MATERIALS AND METHODS:
CT images of five female patients (age range, 13-21 years) who meet the criteria for GTS (Clinical or radiological enlargement of tumors during or after chemotherapy administered for NSGCT; normalization of previously elevated tumor marker; and absence of any NSGCT component other than mature teratoma at histological examination of the entirely resected tumor) were retrospectively reviewed by two radiologists in consensus regarding the number, location, CT findings of GTS masses and major increased composition of the mass compared with initial CT.

RESULTS:
On pathologic examination of initial NSGCT, three tumors were immature teratomas and two were yolk sac tumors. After chemotherapy, time interval between diagnosis of NSGCT and GTS was 5~83 months (mean 29.4 months). All masses of GTS show mature teratoma on pathologic examination. Location of masses was in the peritoneal cavity in all patients.

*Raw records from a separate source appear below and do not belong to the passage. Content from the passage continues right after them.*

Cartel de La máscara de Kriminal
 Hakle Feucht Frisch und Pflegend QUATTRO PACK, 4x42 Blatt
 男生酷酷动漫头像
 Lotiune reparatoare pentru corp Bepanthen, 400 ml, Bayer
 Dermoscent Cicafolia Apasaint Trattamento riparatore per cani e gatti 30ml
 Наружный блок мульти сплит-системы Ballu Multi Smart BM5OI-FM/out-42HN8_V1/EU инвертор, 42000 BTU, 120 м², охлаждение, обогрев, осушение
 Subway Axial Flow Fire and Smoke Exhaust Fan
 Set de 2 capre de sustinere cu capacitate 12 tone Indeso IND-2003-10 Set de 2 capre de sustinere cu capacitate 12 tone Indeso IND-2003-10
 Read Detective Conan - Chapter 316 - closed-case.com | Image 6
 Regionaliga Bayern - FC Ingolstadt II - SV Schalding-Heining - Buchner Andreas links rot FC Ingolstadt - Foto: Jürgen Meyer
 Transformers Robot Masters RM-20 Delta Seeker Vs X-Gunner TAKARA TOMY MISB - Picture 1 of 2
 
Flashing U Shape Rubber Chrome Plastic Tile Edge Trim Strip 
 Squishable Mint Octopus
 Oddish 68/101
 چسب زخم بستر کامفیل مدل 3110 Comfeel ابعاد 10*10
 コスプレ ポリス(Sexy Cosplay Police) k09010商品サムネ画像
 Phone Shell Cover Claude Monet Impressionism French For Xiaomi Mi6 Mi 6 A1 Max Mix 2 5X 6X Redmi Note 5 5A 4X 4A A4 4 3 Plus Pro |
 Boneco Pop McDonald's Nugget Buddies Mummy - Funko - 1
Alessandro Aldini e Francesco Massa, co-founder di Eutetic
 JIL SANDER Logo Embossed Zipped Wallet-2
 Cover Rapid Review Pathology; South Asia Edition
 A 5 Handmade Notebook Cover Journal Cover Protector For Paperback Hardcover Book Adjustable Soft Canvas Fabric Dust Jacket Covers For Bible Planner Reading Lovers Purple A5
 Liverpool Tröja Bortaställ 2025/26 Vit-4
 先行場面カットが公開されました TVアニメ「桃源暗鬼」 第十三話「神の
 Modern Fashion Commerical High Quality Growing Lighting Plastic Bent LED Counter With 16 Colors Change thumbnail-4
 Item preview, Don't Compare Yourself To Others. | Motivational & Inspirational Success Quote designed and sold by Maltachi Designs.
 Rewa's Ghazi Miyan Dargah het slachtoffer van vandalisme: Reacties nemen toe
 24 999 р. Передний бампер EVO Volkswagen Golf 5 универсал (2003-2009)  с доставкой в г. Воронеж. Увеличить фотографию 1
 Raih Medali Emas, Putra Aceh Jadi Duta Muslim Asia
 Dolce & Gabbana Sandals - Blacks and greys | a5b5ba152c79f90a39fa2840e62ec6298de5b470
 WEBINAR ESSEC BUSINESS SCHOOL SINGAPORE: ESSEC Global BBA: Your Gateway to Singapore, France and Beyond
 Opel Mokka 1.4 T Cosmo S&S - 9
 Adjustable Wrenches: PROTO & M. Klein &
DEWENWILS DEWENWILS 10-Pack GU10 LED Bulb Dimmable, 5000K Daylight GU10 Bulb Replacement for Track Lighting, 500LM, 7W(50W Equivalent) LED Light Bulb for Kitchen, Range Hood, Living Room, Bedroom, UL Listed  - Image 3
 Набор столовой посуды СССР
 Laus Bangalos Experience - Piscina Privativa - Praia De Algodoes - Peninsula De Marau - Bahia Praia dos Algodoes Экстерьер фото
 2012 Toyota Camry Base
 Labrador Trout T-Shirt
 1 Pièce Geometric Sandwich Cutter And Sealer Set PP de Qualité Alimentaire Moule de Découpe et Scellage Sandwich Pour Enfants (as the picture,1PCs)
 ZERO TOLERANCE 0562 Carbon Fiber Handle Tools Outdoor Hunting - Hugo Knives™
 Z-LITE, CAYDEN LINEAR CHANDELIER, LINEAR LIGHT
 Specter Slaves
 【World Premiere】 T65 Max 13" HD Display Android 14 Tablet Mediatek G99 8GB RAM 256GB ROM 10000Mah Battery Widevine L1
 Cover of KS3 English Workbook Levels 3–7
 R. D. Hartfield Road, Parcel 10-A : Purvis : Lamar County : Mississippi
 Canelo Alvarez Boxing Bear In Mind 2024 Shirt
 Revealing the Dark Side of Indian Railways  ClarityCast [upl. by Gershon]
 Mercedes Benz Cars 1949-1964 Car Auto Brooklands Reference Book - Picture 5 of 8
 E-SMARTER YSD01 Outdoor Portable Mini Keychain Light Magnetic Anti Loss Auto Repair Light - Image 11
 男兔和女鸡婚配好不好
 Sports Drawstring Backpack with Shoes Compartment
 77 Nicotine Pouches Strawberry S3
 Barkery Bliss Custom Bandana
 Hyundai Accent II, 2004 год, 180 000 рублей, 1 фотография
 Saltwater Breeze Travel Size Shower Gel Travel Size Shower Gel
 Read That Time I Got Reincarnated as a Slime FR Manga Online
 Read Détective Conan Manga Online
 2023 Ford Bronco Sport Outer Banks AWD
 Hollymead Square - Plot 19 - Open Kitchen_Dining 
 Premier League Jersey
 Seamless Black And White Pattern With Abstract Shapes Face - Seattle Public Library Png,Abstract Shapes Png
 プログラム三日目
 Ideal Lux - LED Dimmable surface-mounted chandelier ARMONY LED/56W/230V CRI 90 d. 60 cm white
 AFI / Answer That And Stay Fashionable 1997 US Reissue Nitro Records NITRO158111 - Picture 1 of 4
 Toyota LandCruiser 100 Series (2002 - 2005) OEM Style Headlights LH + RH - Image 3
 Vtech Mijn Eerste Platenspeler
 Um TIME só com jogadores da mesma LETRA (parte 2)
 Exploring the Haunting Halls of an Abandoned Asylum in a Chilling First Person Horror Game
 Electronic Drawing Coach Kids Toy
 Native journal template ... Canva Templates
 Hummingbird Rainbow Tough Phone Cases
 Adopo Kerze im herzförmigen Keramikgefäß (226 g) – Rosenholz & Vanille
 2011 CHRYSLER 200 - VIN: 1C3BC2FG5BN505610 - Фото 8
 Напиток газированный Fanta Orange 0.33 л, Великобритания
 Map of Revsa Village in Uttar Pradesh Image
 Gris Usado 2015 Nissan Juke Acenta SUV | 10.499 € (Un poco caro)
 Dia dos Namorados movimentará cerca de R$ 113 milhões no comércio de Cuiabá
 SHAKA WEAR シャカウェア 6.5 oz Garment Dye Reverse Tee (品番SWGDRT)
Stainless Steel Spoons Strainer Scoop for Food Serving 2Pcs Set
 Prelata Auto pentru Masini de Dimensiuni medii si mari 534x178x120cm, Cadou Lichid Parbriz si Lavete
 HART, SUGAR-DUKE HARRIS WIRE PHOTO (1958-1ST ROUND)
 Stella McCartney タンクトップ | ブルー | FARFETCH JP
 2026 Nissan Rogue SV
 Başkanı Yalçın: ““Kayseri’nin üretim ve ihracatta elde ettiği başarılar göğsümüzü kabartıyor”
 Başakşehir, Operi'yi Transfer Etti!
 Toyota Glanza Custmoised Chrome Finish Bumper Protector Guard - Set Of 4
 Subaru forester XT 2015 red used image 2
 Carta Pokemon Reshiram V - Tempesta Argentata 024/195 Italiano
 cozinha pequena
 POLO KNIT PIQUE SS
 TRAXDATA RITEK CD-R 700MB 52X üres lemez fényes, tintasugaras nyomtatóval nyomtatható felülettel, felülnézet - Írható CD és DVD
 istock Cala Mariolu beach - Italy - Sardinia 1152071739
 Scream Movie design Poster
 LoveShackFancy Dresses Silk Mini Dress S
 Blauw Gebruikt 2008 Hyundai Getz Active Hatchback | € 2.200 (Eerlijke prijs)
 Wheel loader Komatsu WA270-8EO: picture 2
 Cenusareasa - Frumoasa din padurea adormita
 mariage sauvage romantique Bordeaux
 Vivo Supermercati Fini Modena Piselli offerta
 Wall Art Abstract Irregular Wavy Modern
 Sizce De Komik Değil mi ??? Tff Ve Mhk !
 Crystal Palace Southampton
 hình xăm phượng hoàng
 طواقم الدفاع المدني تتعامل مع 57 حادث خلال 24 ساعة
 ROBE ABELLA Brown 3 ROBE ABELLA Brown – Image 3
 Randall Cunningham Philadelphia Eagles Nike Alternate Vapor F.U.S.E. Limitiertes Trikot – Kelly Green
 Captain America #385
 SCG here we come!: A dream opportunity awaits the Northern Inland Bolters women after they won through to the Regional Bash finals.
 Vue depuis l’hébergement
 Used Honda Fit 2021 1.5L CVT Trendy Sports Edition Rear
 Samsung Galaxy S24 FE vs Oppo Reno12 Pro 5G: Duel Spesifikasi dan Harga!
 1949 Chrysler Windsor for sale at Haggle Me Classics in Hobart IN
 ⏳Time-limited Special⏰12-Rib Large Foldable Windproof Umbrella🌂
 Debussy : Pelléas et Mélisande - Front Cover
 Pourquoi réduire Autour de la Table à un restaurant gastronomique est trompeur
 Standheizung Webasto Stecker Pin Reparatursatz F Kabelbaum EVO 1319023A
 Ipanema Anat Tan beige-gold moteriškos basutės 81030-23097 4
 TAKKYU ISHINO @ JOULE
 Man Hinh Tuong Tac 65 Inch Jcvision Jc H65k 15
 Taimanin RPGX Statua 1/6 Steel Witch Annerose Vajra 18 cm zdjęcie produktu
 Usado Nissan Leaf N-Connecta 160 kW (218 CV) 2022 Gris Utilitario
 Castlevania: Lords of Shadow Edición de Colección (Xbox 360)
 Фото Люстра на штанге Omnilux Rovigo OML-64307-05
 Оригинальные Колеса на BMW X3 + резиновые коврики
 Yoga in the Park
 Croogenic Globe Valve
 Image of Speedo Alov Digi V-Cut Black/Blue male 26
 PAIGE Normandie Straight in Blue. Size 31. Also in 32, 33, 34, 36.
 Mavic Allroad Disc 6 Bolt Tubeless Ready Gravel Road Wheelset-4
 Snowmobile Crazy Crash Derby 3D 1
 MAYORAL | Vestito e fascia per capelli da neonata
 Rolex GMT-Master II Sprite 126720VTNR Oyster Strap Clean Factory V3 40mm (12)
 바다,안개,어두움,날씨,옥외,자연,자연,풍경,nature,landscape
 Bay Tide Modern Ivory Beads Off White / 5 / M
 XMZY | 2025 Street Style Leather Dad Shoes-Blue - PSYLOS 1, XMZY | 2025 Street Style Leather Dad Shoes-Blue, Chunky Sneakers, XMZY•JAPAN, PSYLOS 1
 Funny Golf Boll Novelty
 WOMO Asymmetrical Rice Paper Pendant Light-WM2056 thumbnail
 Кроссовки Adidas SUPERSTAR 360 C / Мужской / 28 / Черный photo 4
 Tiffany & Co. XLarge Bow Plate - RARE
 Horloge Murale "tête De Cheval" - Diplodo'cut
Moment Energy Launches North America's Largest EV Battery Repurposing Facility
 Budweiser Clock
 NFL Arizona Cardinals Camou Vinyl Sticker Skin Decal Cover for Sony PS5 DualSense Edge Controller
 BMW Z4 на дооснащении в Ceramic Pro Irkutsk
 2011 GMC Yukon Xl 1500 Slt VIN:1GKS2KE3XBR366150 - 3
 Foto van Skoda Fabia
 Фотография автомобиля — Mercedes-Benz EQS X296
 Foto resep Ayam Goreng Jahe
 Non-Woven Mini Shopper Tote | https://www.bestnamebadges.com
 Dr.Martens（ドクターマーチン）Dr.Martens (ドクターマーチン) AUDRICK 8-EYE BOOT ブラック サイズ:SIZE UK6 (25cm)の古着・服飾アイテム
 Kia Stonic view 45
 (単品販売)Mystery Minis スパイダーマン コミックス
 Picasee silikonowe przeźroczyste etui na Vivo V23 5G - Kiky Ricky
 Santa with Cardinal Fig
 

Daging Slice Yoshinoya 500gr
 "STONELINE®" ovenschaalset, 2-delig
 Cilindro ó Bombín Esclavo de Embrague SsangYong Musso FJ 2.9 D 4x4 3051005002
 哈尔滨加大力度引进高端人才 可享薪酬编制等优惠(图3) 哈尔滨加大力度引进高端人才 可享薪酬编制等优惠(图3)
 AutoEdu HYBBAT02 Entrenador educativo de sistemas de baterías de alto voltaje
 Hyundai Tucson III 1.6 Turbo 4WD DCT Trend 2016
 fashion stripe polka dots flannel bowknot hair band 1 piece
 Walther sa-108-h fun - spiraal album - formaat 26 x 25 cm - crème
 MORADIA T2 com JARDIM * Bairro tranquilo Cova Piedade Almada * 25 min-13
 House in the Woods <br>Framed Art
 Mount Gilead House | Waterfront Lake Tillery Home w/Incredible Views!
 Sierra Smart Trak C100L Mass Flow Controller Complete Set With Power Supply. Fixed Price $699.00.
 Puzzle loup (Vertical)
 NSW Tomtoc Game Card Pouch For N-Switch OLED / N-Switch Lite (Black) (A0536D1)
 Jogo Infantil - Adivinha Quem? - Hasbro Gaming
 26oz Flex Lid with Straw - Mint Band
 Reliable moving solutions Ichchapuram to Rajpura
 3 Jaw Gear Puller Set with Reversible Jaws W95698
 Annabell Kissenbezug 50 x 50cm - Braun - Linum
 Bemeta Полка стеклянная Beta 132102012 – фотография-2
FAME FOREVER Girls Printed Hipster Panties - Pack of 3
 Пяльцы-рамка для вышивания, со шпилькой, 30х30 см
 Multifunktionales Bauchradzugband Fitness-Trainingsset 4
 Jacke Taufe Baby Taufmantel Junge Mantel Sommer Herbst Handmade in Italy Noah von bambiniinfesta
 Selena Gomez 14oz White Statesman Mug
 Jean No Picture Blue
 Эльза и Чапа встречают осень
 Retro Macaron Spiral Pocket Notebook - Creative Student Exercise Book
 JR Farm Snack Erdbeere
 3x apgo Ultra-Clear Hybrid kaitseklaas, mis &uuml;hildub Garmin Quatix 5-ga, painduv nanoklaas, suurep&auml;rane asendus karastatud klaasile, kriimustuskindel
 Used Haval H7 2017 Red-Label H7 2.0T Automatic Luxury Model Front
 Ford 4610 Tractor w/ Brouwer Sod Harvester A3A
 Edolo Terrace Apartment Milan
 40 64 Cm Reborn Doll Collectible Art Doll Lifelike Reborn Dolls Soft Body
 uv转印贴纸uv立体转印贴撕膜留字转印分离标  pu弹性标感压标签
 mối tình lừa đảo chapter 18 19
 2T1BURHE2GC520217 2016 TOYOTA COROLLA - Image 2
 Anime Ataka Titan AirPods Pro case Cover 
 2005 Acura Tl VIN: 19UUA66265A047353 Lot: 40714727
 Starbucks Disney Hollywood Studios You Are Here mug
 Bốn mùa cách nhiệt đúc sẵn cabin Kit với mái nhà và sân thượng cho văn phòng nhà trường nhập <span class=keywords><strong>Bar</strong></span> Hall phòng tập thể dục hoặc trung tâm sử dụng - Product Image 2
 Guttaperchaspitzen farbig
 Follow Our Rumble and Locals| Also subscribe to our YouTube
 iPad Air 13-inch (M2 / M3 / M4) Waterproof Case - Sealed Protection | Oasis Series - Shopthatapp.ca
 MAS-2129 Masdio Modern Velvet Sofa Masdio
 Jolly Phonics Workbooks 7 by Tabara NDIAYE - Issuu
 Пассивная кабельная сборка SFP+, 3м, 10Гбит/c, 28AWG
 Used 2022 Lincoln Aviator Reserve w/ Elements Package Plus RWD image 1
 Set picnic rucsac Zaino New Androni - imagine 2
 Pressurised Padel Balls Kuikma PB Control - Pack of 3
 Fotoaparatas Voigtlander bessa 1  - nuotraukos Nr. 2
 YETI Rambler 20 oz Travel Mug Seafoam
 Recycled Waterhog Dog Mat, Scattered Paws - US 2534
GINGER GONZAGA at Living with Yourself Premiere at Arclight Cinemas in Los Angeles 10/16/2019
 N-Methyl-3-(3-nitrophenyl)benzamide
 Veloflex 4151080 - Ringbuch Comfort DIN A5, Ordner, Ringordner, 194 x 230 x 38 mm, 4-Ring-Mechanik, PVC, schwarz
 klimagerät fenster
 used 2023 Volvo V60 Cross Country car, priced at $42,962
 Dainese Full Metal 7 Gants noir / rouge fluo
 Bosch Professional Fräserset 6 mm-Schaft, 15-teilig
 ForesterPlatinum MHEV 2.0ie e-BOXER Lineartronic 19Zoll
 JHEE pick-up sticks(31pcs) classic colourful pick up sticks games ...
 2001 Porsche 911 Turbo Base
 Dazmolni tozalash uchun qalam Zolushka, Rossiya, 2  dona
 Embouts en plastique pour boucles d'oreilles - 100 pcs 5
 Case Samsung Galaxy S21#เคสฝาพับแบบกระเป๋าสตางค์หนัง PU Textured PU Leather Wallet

Number of tumor foci was multiple in two patients (more than five in one patient and four in another patient) and single in three patients. Characteristic components of tumor on CT were calcification and gross fat in 2 patients, only fat in 2 patients and predominant cyst in 2 patients. Major increased composition of the mass compared with initial CT was fat in 3 patients and cyst in 1 patient.

CONCLUSION:
CT findings of GTS were well-defined masses with gross fat, calcification or cyst. Radiologists should take GTS into consideration when there is newly developed or enlarged masses with gross fat or cyst in patients with NSGCT on follow up CT scan.